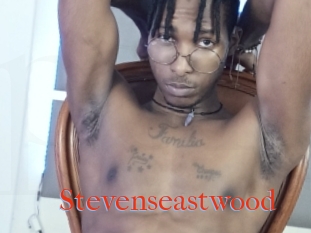 Stevenseastwood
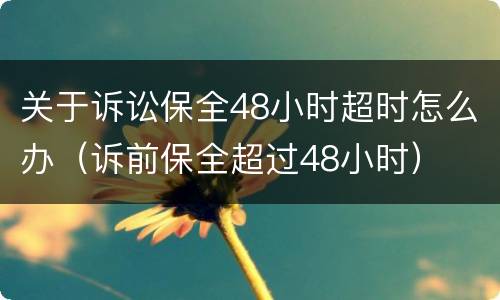 关于诉讼保全48小时超时怎么办（诉前保全超过48小时）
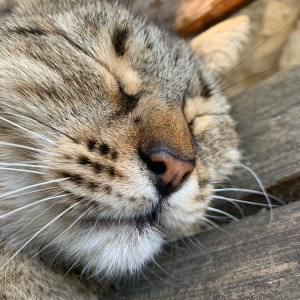 Sebastien R. (arti.metal26)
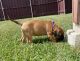 Bullmastiff Puppies for sale in Duncanville, TX 75116, USA. price: $2,500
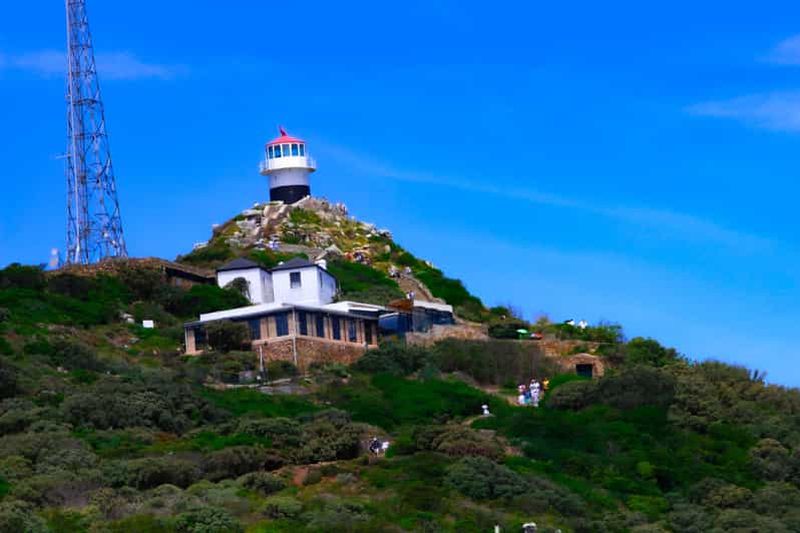 Billet Explorez le Cap de Bonne Espérance et la plage de Boulders : Visite privée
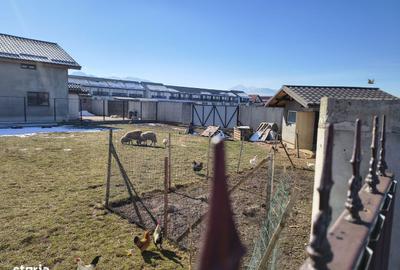 Teren de 500 mp, în Tărlungeni - 12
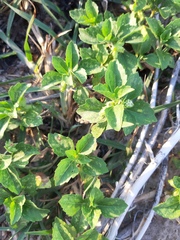Acanthospermum australe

* _Directions for this task_:
Your copy should match the entries exactly, minus the pictures.

* _Response_:
 Stevenseastwood
 关于诉讼保全48小时超时怎么办（诉前保全超过48小时）
 Sebastien R. (arti.metal26)
 Bullmastiff Puppies for sale in Duncanville, TX 75116, USA. price: $2,500
 Billet Explorez le Cap de Bonne Espérance et la plage de Boulders : Visite privée
 Teren de 500 mp, în Tărlungeni - 12
Acanthospermum australe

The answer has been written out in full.